Se tuvo D. Santiago que morir de un sueño: soñando. Ni aún en
esas lides lo imaginó, y es que no nació para esa mansa muerte y si lo hizo es
porque el destino, esta visto, no lo escribimos los hombres sino los dioses.
Los suyos de: revolución, ideolología, camaradería, barricada, idea, raza y
rabia. Dioses sociales cuando tocaba y asociales cuando se necesitaba. Dioses
mortales en su condición de hombres.
Dioses obreros. Dioses asalariados. Dioses ateos. Dioses de pies de
barro y cabeza de acero. Dioses útiles como herramientas. Dioses de hombres
para los hombres. Sus dioses D. Santiago, los que sin duda escribieron su
suerte al margen de su arrojo, ese que le hacía merecedor de otra muerte.

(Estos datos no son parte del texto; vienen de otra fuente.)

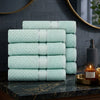 Popcorn Textured Mulaayam Collection Hand Towel Set of 8 - 18 X 28 Inch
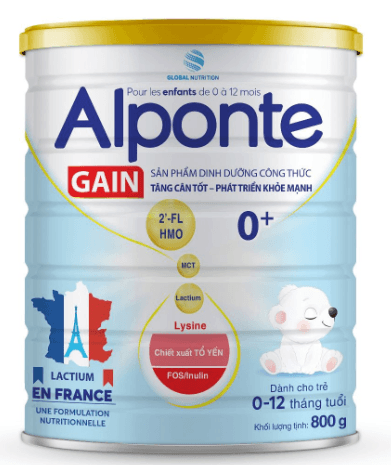 Sữa bột Alponte Gain 0+ (800g)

Nació Ud. para morir de pie, luchando, disponiendo,
convenciendo, imponiendo. Nació Ud. en un tiempo convulso, necesitado de esa
suerte de coraje. Un tiempo que no se puede juzgar, que no es legítimo hacerlo,
a luz de este nuestro mansurrón tiempo de consumismo y estado de bienestar. Fue
el suyo de arrojo y rebeldía, el que demandaba la necesidad, la que ordenaba la
injusticia, y a él se entregó sin reservas y de esa entrega halla Ud. mi
humilde consideración.
Se le despide hoy como padre de la transición, ese servicio
póstumo en que se apeó de la rebeldía para ser la peluca de un muñeco que es la
viva estampa de todos los vicios patrios. Qué pena que le cogiera ya en horas
de siesta esa fiesta de consensos de casino y maneras de tahúr.